EXERCISE OBJECTIVE = Could you copy the records below exactly, leaving out any pictures?

[Start of section]

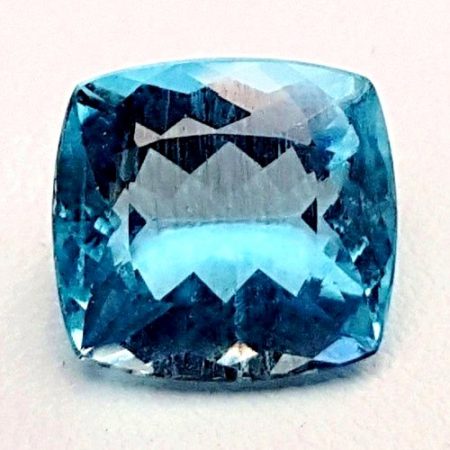 Magnifique aigue marine du Brésil +52 carat avec certificat sur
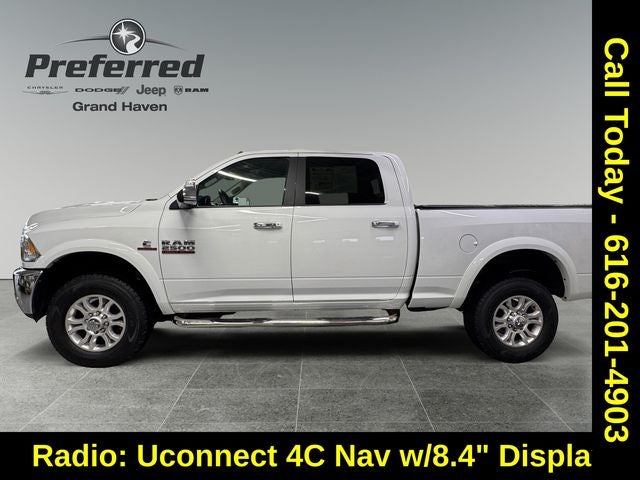 2018 RAM 2500 Laramie Crew Cab 4x4 6'4' Box
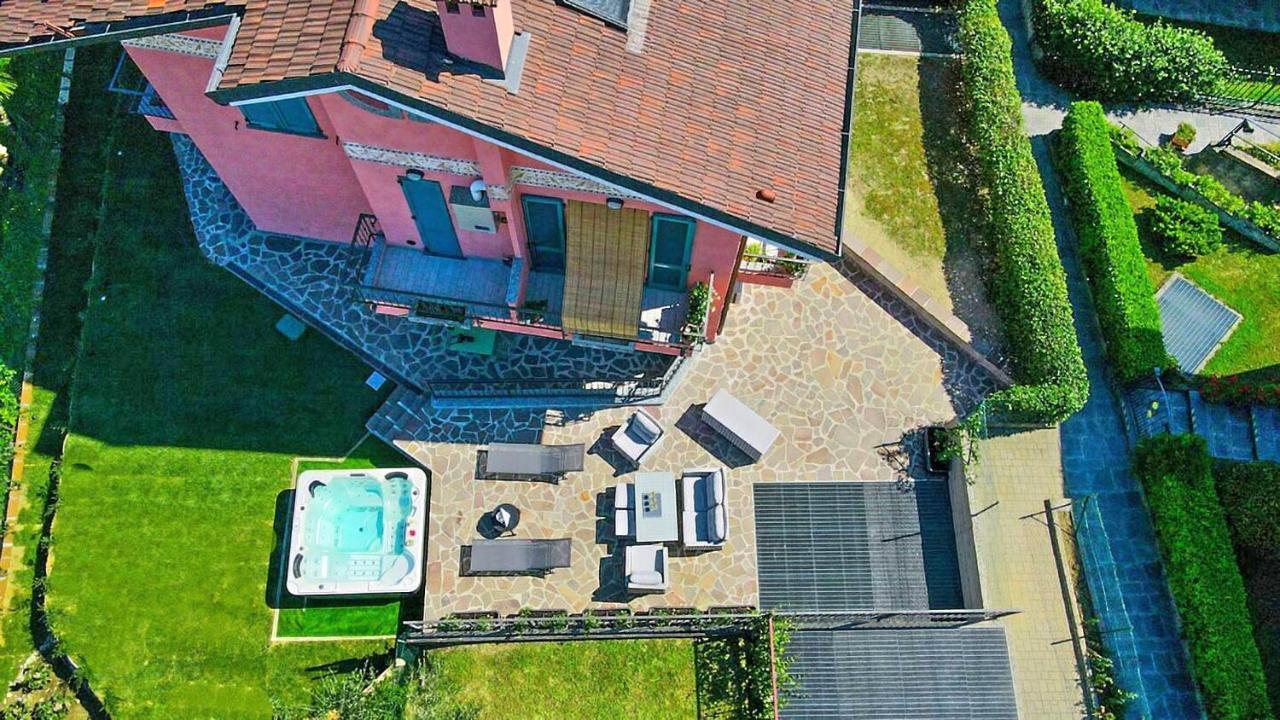 Casa Marina Bellagio Private Garden Villa Buitenkant foto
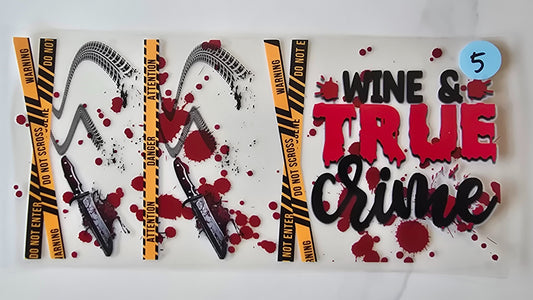 Wine & True Crime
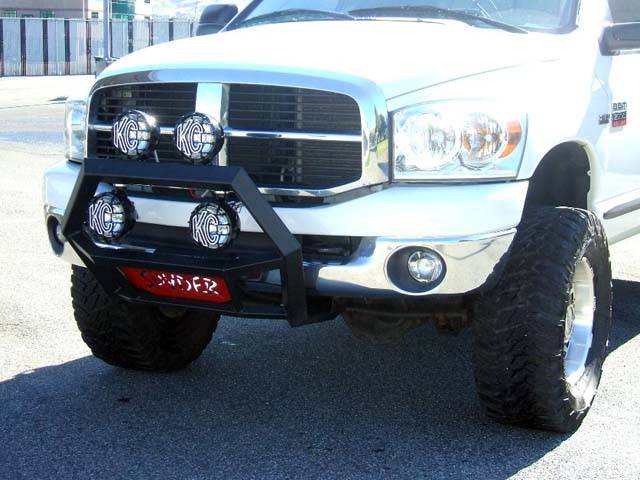 Spyder Industries 2003-2009 Dodge Ram 2500 3500 Black Venom Bull Bars 803099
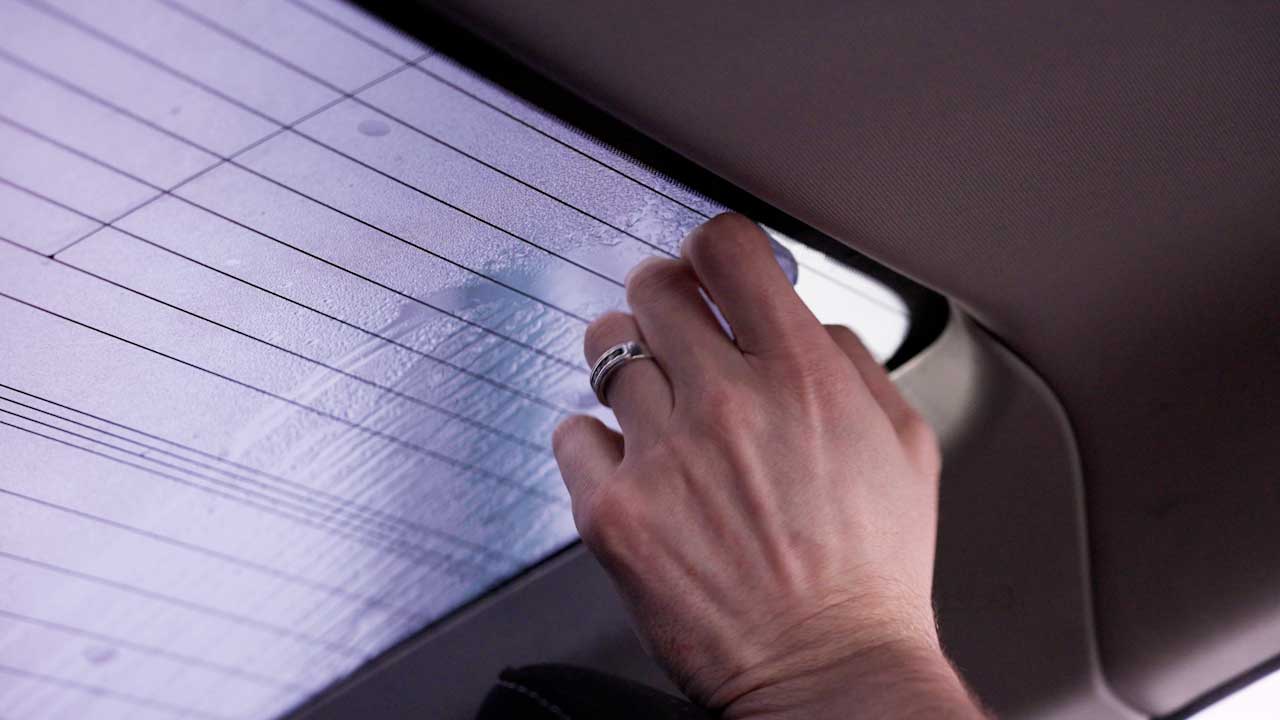 Professional Tesla Glass Tint Removal in Medford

[End of section]

ANSWER TO THE EXERCISE =
 Magnifique aigue marine du Brésil +52 carat avec certificat sur
 2018 RAM 2500 Laramie Crew Cab 4x4 6'4' Box
 Casa Marina Bellagio Private Garden Villa Buitenkant foto
 Wine & True Crime
 Spyder Industries 2003-2009 Dodge Ram 2500 3500 Black Venom Bull Bars 803099
 Professional Tesla Glass Tint Removal in Medford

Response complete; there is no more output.